W 2019 r. PiS poszedł jeszcze dalej – zasiłek dostało każde dziecko, oczywiście bez ograniczenia wysokości zarobków.
PiS nakręcił spiralę oczekiwań
W ocenie Bachmanna, decyzje PiS wprawiły w ruch spiralę oczekiwań, którą trudno zatrzymać. Aby wygrać wybory, Donald Tusk obiecał podnieść zasiłek na dziecko o 300 zł (800+), czyli do około 200 euro.

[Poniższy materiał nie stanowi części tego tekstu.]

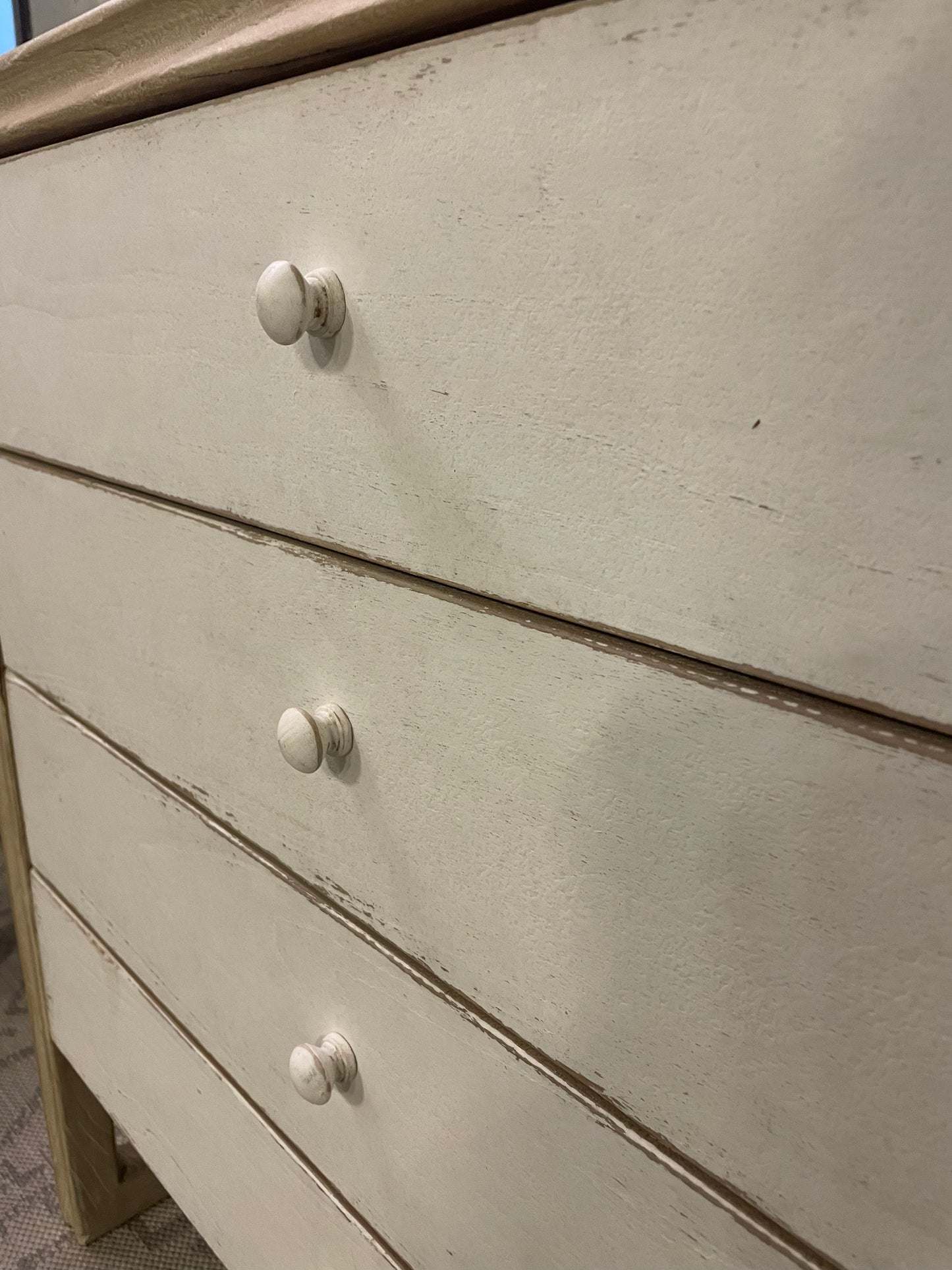 Ming Dresser 4 Drawers Antique Off White 31x18x32H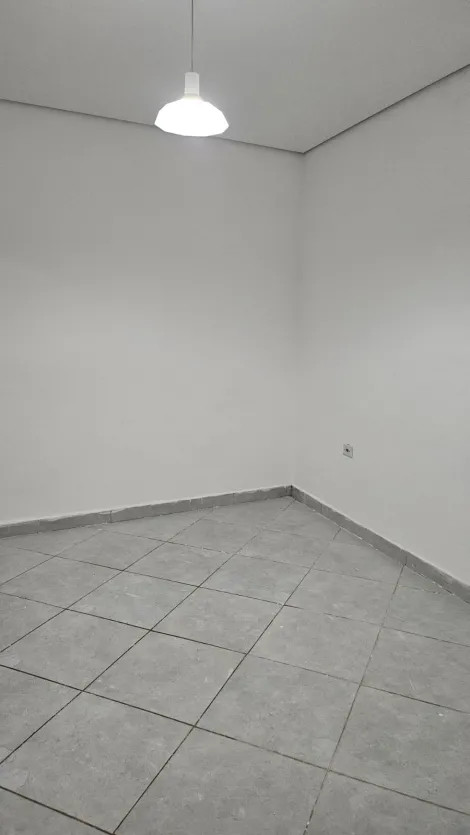 Alugar Casas / Assobradada em Suzano R$ 950,00 - Foto 8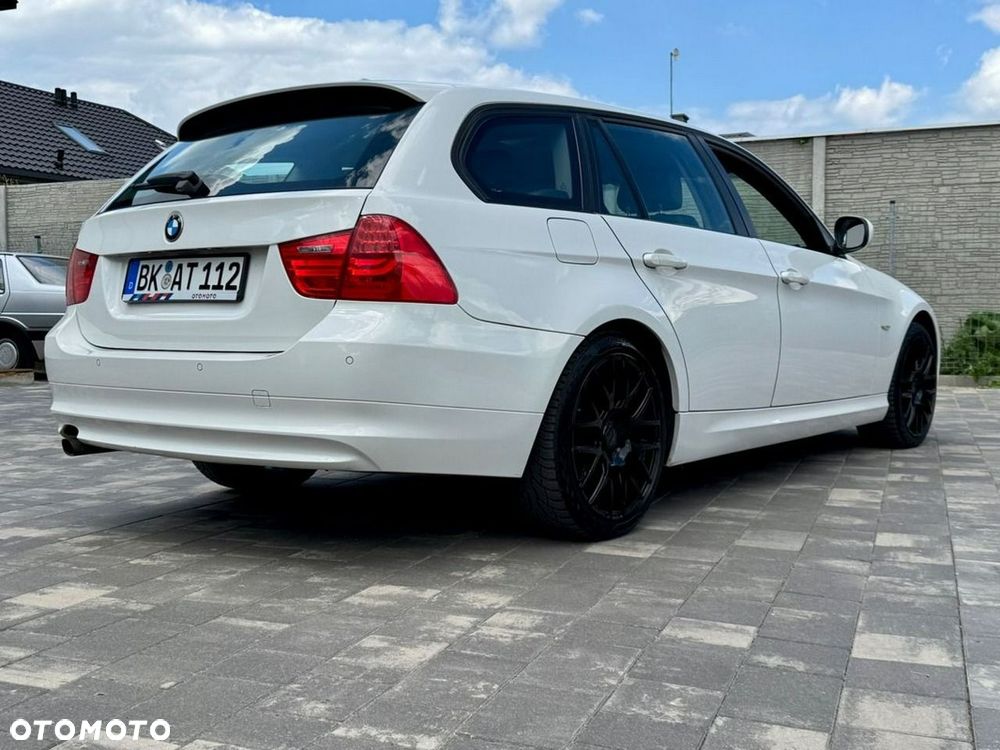 BMW Seria 3 - 12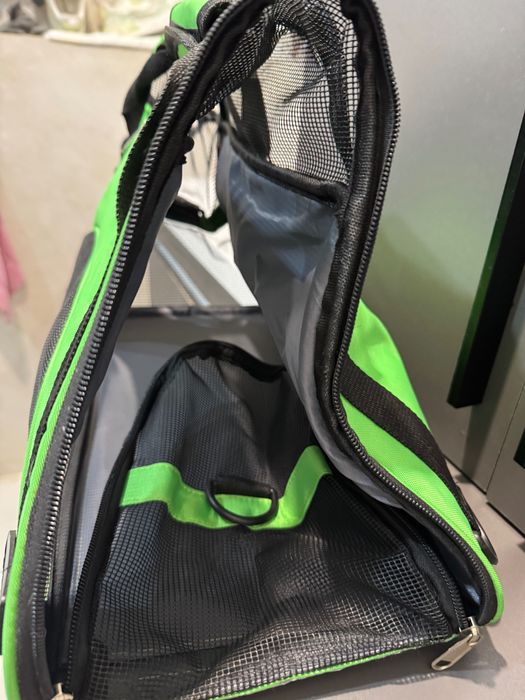 Переноска для собак и кошек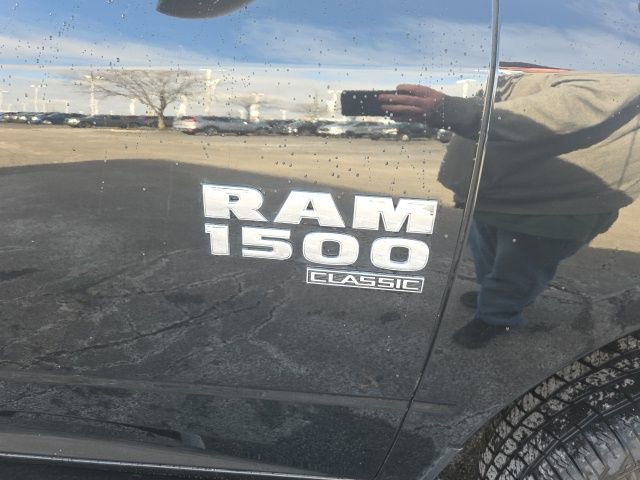 Used 2021 RAM 1500 Classic SLT image 8
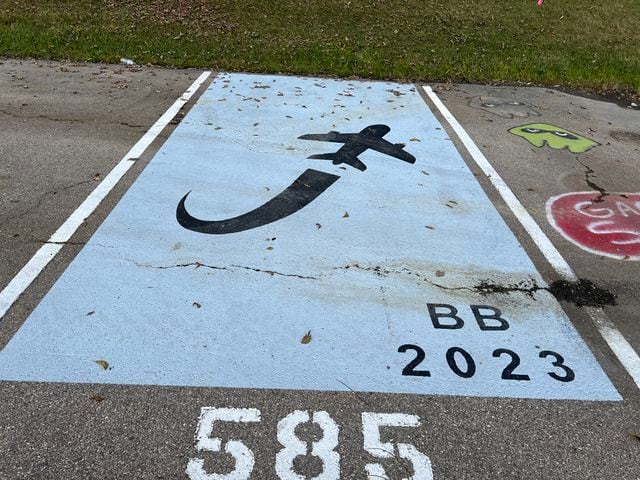 middletown high school senior parking lot 2022-2024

Tymczasem w chwili dojścia Donalda Tuska do władzy, kasa państwowa była pusta - zauważa autor.
Rosnąca dziura w kasie państwa
W ostatnich lata Polska jawi się jako lider wydatków na zbrojenia, za co jest chwalona zarówno przez media w Polsce jak i za granicą. Jednak podczas gdy świat zachwyca się, jak Polska rozpoczęła budowę najsilniejszej armii Europy zwiększając wydatki na wojsko do 5 proc. PKB, kupując sprzęt wojskowy w Korei Południowej (czołgi i samoloty) i USA (śmigłowce i wyrzutnie Patriot), jeszcze szybciej rosły wydatki na cele socjalne, deficyt budżetowy i zadłużenie państwa. Obsługa długu pożera już teraz 9 -10 proc. wpływów budżetowych. Dla porównania w Niemczech jest to 6-8 proc.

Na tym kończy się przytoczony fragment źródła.